::: INFORMATION

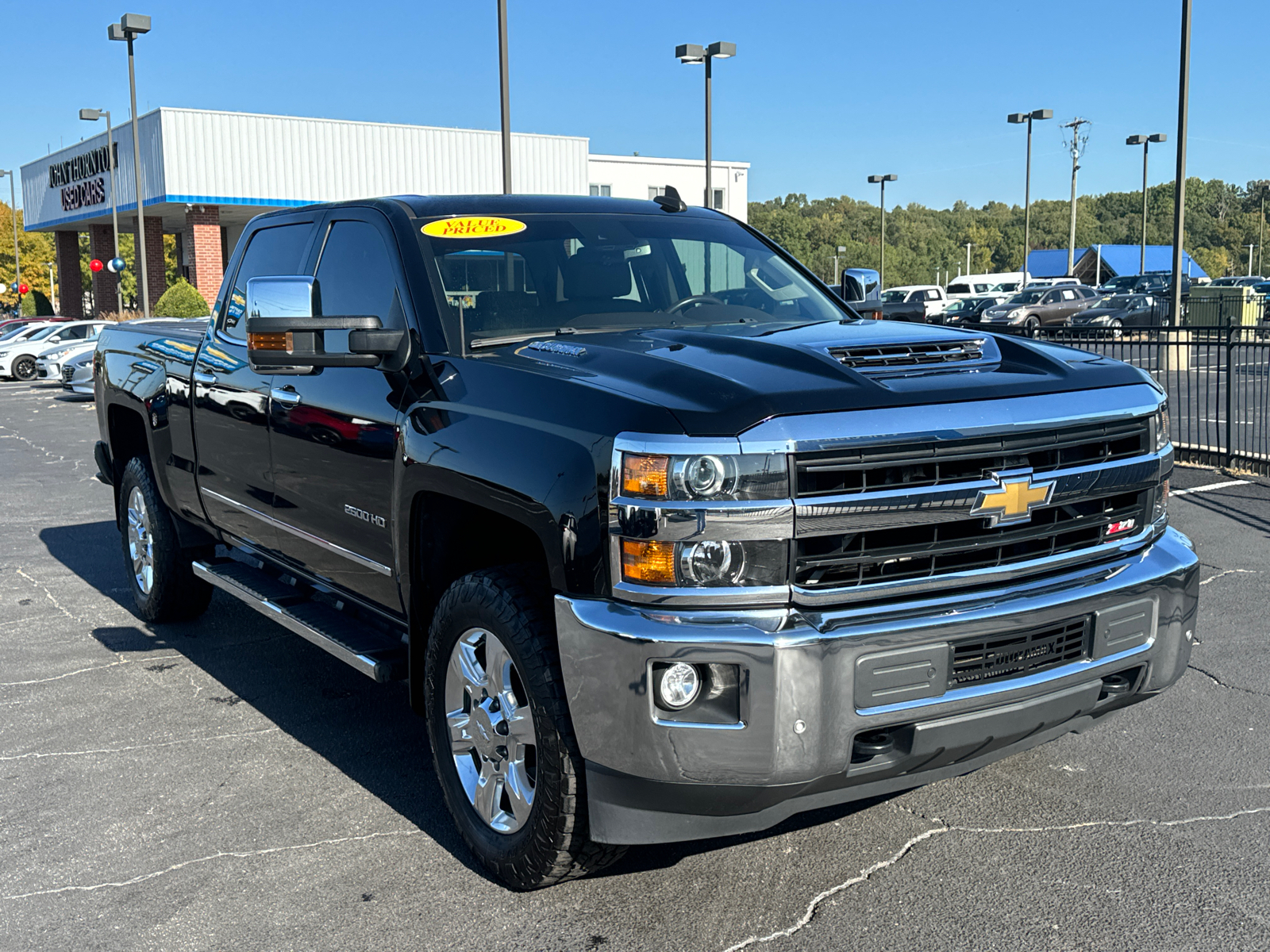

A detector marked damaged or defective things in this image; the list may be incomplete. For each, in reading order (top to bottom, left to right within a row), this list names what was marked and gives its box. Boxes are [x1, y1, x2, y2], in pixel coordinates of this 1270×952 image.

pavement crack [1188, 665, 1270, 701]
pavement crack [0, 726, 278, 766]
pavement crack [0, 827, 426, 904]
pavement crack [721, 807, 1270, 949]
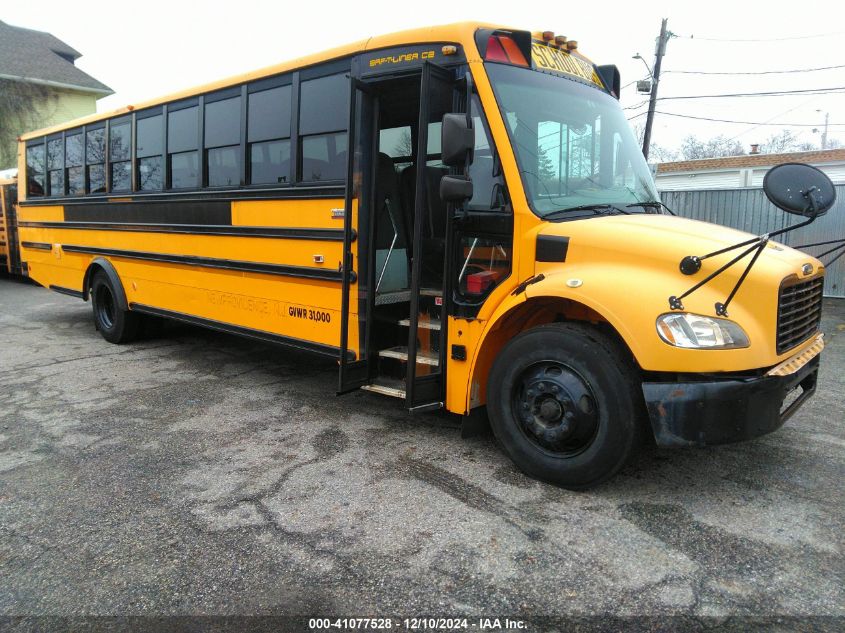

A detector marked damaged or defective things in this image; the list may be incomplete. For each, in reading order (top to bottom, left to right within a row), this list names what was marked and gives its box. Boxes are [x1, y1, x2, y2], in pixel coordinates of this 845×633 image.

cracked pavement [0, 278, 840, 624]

::::::

• **WHAT TO PRODUCE**
Restate all entries exactly; pictures stay out.

• **THE ANSWER**
A detector marked damaged or defective things in this image; the list may be incomplete. For each, in reading order (top to bottom, left to right within a row), this list names what was marked and gives its box. Boxes are [x1, y1, x2, y2], in pixel coordinates of this 1270×952 image.

pavement crack [1188, 665, 1270, 701]
pavement crack [0, 726, 278, 766]
pavement crack [0, 827, 426, 904]
pavement crack [721, 807, 1270, 949]

A detector marked damaged or defective things in this image; the list may be incomplete. For each, in reading order (top to bottom, left to right within a row), this list names what was marked and gives its box. Boxes are [x1, y1, x2, y2], in pixel coordinates of this 845×633 image.

cracked pavement [0, 278, 840, 624]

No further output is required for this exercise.